A Guatemala é o mais recente exemplo de como os eventos extremos podem instaurar o caos. Em menos de cinco dias, na semana passada, o país viu o vulcão Pacaya entrar em erupção - cobrindo a capital, Cidade da Guatemala, de cinzas - e a tempestade Agatha matar mais de 90 pessoas.
Clima traz nova ordem mundial
A escalada dos eventos extremos ainda não produziu um verdadeiro acordo global, obrigando países desenvolvidos e emergentes a cortarem na carne - leia-se: em suas emissões de carbono. A China, maior poluidora do mundo, investe 3% de seu PIB em energia verde (os EUA destinam apenas 0,7% do PIB ao mesmo fim). Na Alemanha, a população é incentivada, com reembolsos governamentais, a comprar paineis de energia solar. O projeto alçou o país à liderança no uso desta fonte de energia.
E o Brasil, que já reduziu o desmatamento da Amazônia, pode assumir um papel ainda maior. Dono de uma economia baseada em matriz energética limpa (as hidrelétricas), o país é considerado candidato à liderança de uma nova ordem mundial, onde a economia pode ser mais harmoniosa com o meio ambiente.
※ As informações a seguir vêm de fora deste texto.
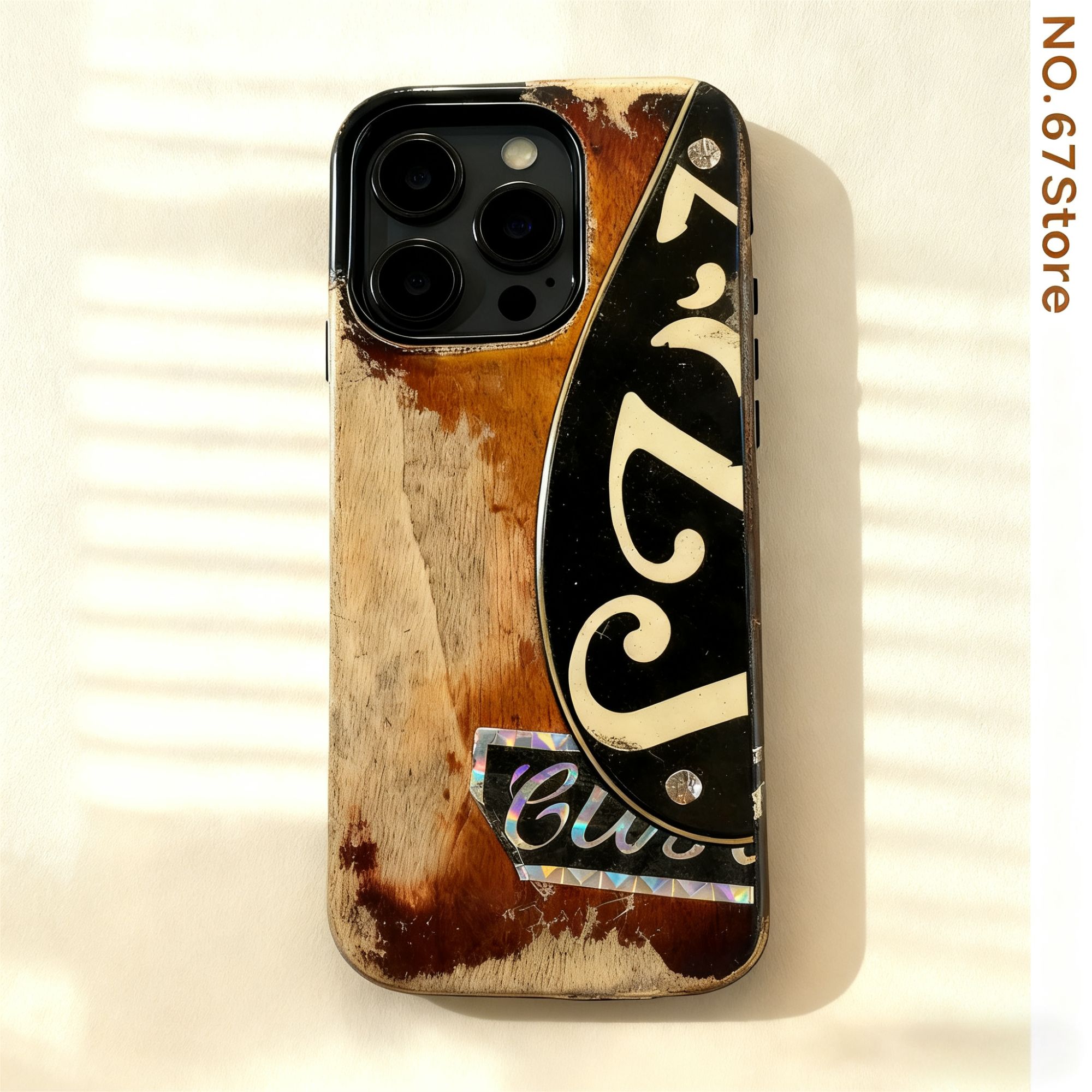 SRV重度做旧复古吉他手机壳实木硝基漆适用安卓苹果15pro全包防摔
- Somos um dos países com maior potencial de liderança em desenvolvimento sustentável - ressalta Emília. - Temos a maior extensão de terra cultivada do mundo, a maior quantidade de recursos hídricos e a maior extensão da Amazônia. Novas formas de comércio estão surgindo, com nações sem potencial agrícola comprando terras fora de seus domínios. As relações de cooperação mudaram. Podemos estar à frente desta nova era.